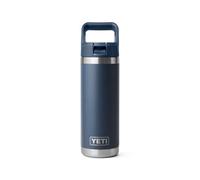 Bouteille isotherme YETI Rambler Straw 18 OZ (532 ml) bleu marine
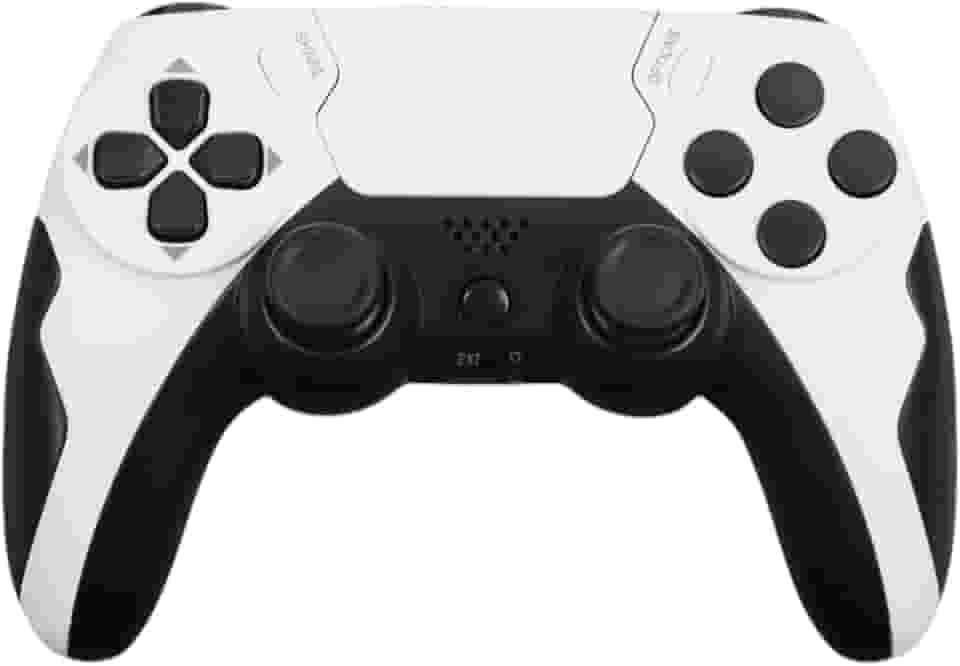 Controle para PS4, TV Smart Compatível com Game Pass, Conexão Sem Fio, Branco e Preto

* * *

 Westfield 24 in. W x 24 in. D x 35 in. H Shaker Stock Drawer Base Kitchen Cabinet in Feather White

■ **TASK TO COMPLETE**:
Everything above from the line containing "Bouteille isotherme YETI" down to the line containing "Controle para PS4, TV" is to be duplicated exactly, both lines included, and the pictures are to be omitted.

■ **SOLUTION TO THIS PROBLEM**:
 Bouteille isotherme YETI Rambler Straw 18 OZ (532 ml) bleu marine
 Controle para PS4, TV Smart Compatível com Game Pass, Conexão Sem Fio, Branco e Preto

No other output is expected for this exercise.